This shows you how to load the datasets and use them to train a sentiment classifier.
The sentiment classifier that is trained is just replicating the existing sentiment classification that has been applied.

The first thing to do is to review the dataset, and then we can train the model.

In [1]:
from pathlib import Path

PROJECT_ROOT = Path(".").resolve().parent
MODEL_FOLDER = PROJECT_ROOT / "models"
DATA_RAW_FOLDER = PROJECT_ROOT / "data" / "raw"

# these are unique by the combination of title, text AND sentiment
BURGER_KING_FILE = DATA_RAW_FOLDER / "burger-king.csv" # ~145k rows
WENDYS_FILE = DATA_RAW_FOLDER / "wendys.csv" # ~50k rows

MODEL_RUN_FOLDER = MODEL_FOLDER / "example-sentiment"
MODEL_RUN_FOLDER.mkdir(exist_ok=True, parents=True)
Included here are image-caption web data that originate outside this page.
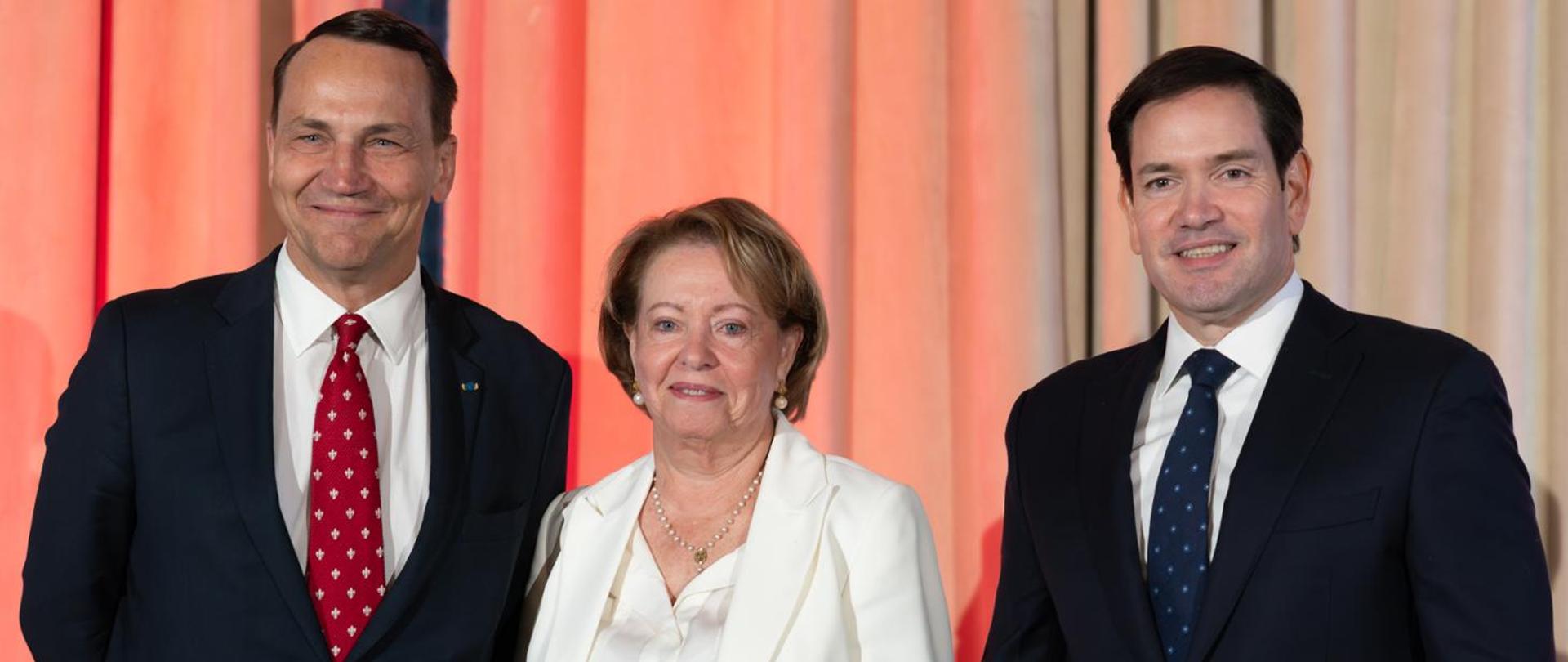 A foto mostra o vice-primeiro-ministro e ministro dos Negócios Estrangeiros polaco, Radosław Sikorski, a oposicionista cubana Irma Santos de Mas e o secretário de Estado norte-americano, Marco Rubio.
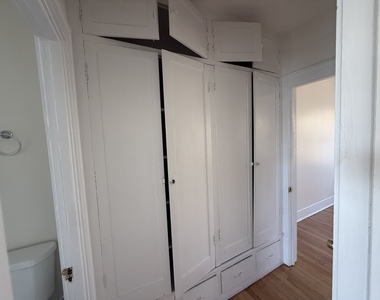 7351 N Damen Avenue - Photo Thumbnail 16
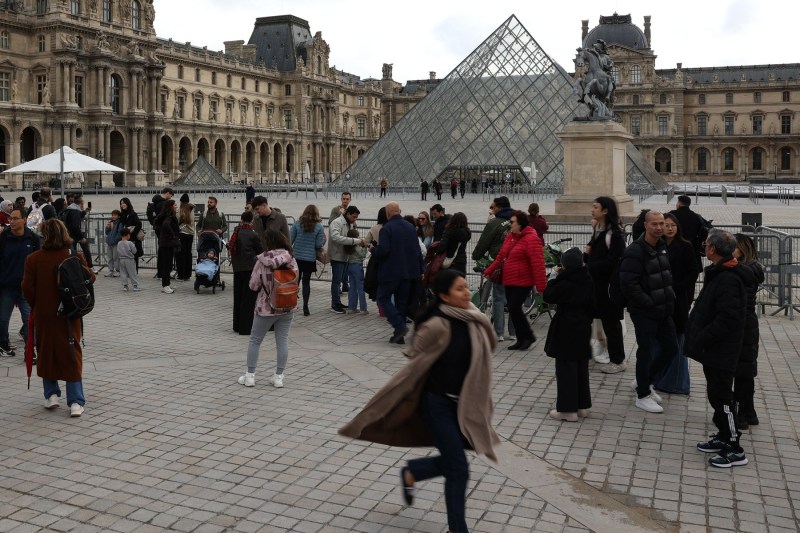 Revelations from inside the Louvre Museum. The alarm given just before the great robbery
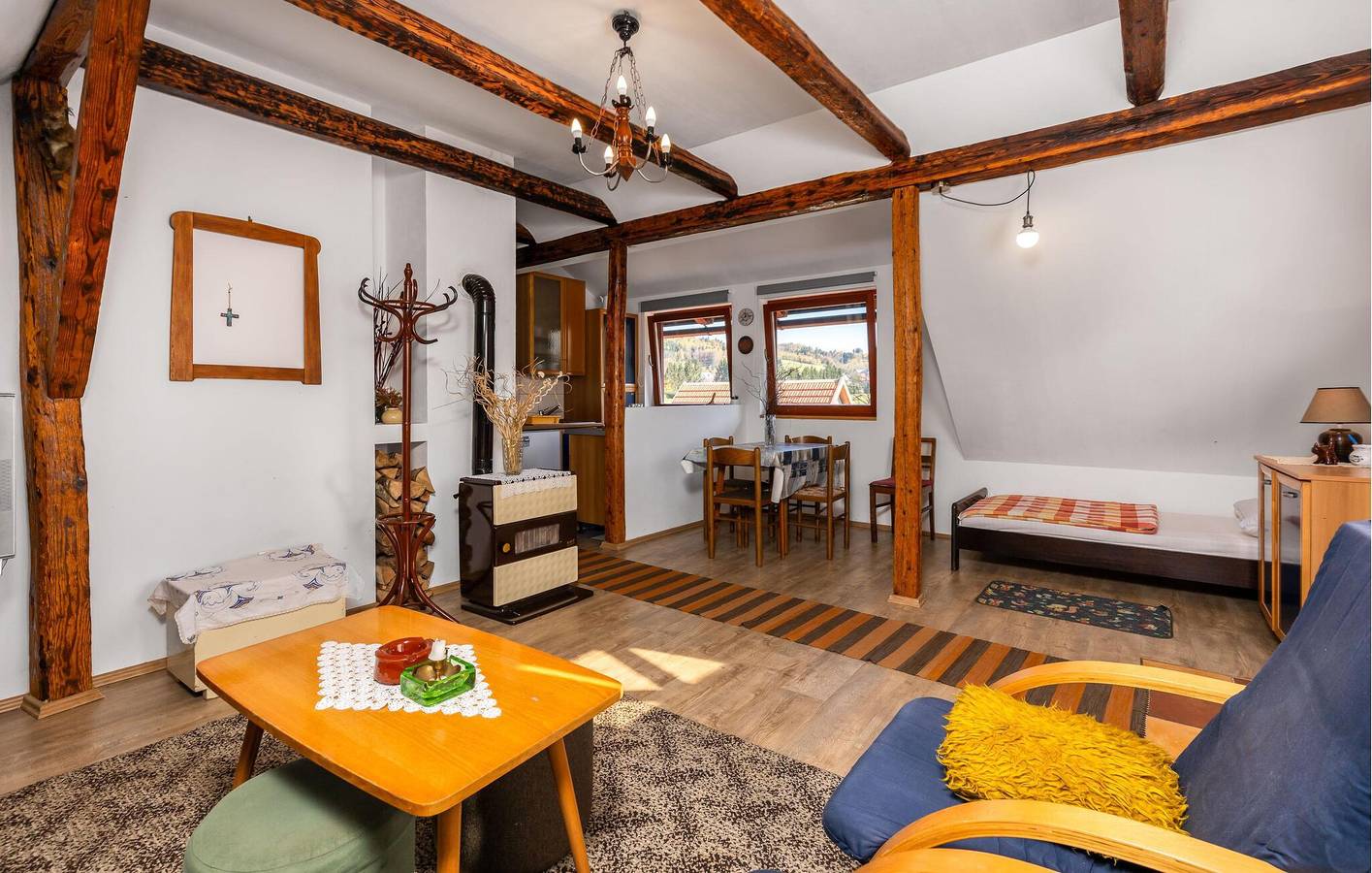 Ganze Ferienwohnung, Charmantes Apartment mit WLAN, Klimaanlage, Parkplatz und Terrasse in Delnice, Primorje-Gorski Kotar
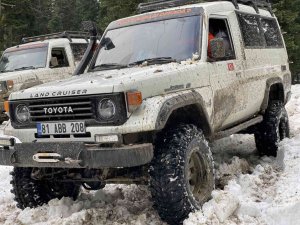 Öğrenciler kar safarisinde bir araya geldi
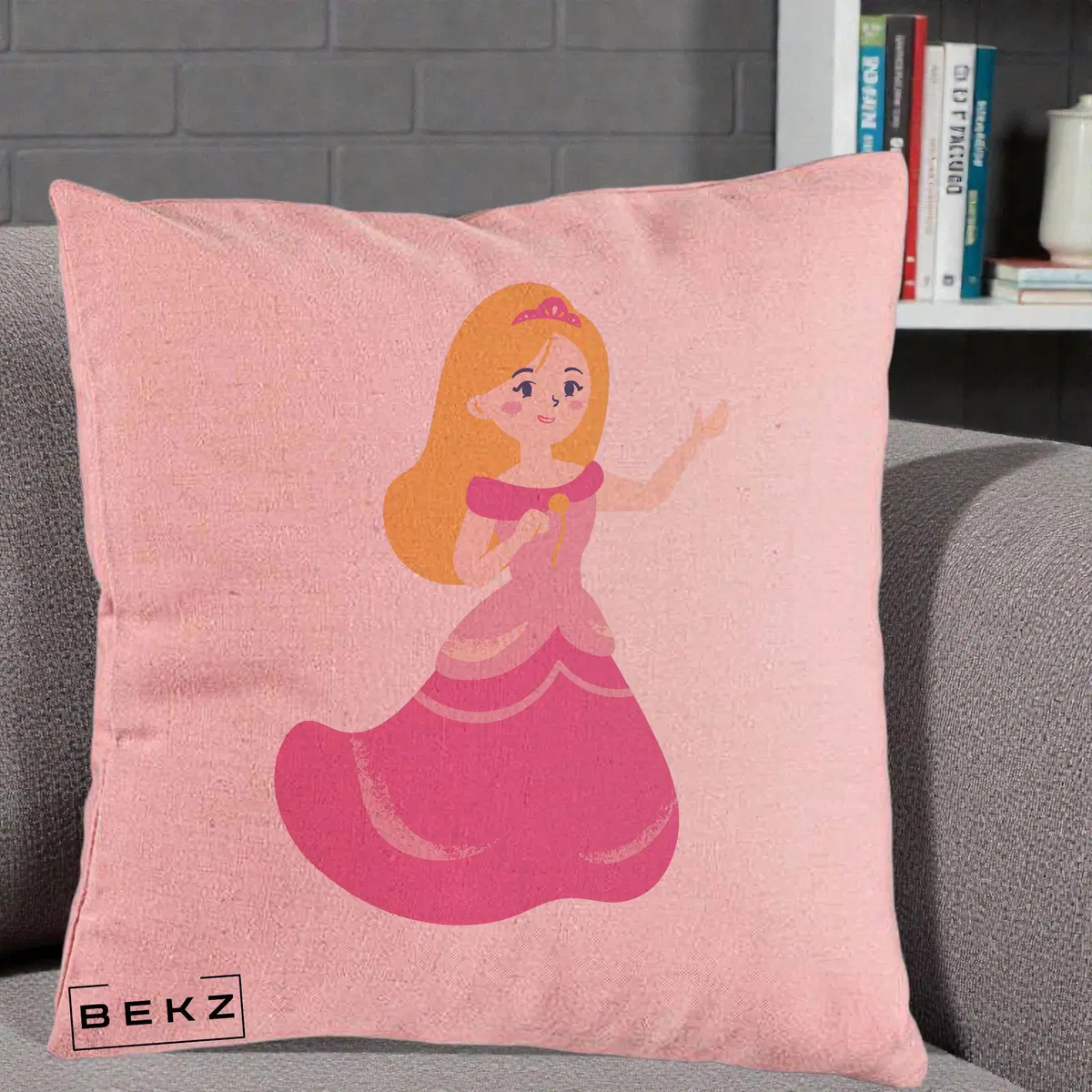 Perna Decorativa Printesa Roz cu Microfon, 40x40 cm, Roz, Husa Detasabila, Perna, BEKZ®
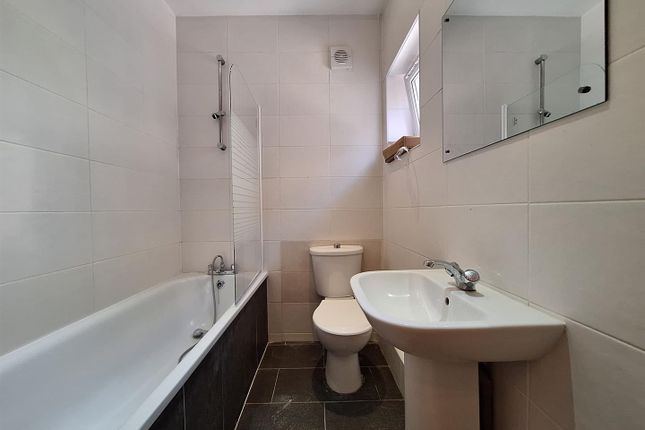 Flat 8, Red Lion Square, Wandsworth High Street, London photo 5
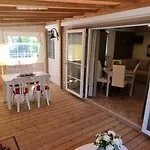 Mobile Home Avec Terrasse Et Piscine.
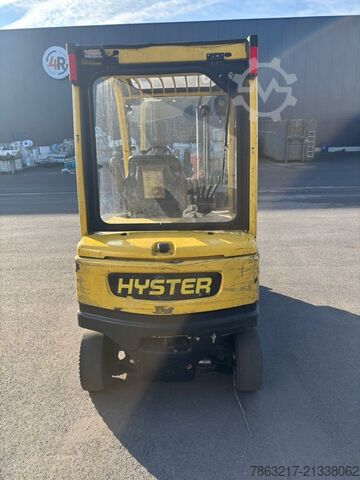 Ηλεκτρικό περονοφόρο τετράτροχο Hyster J 3.0 XN
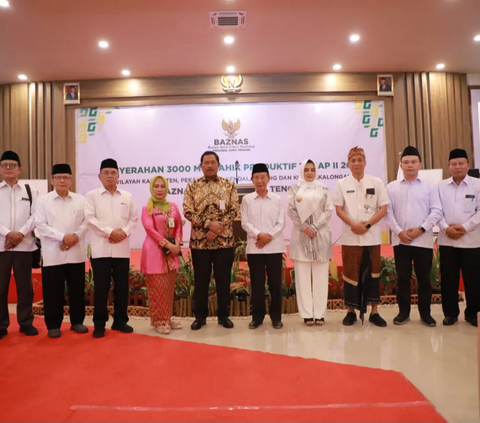 Percepat Atasi Kemiskinan, Pj Gubernur Jateng Serahkan Bantuan Modal Usaha Produktif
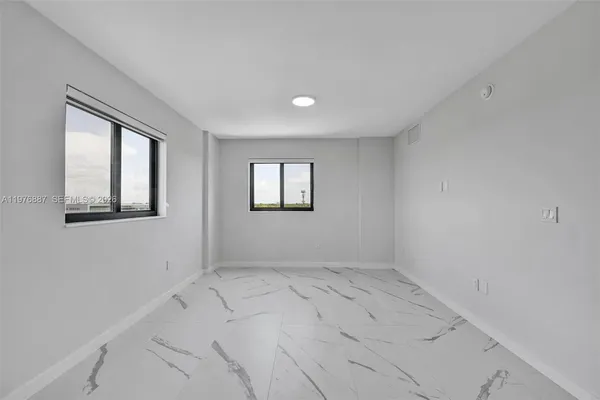 $2,861 | 840 Northeast 130th Street, Unit 211, North Miami, FL 33161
MODEL_NAME = "bert-base-uncased" # very small
BATCH_SIZE = 8 # adjust to your RAM

In [2]:
import pandas as pd

wendys_df = pd.read_csv(WENDYS_FILE)

# make it unique by text
wendys_df = wendys_df.drop_duplicates(subset="text")
wendys_df = wendys_df.reset_index(drop=True)

wendys_df

Unnamed: 0,title,text,sentiment
0,RT @libsoftiktok $500 fine for burning down a ...,RT @libsoftiktok $500 fine for burning down a ...,neutral
1,RT @RealSweet17 Do you think the punishment fi...,RT @RealSweet17 Do you think the punishment fi...,negative
2,RT @CollinRugg JUST IN: Two rioters who were r...,RT @CollinRugg JUST IN: Two rioters who were r...,negative
3,RT @charliekirk11 Whoa! More two-tiered justic...,RT @charliekirk11 Whoa! More two-tiered justic...,negative
4,RT @RepMTG J6’ers are being locked up for year...,RT @RepMTG J6’ers are being locked up for year...,negative
...,...,...,...
46232,@sara_ash88 when I was working hard on my weig...,@sara_ash88 when I was working hard on my weig...,positive
46233,nigga dat work at wendys said ohh ik you and s...,nigga dat work at wendys said ohh ik you and s...,neutral
46234,"🔆 The sunny days are calling, and so is the bo...","🔆 The sunny days are calling, and so is the bo...",neutral
46235,Cara the GM at edwardsville Wendy's,Cara the GM at edwardsville Wendy's,neutral


The dataset is the title of the thread or article and the text around the match.
For twitter the title is the same as the text except that the whitespace has been normalized.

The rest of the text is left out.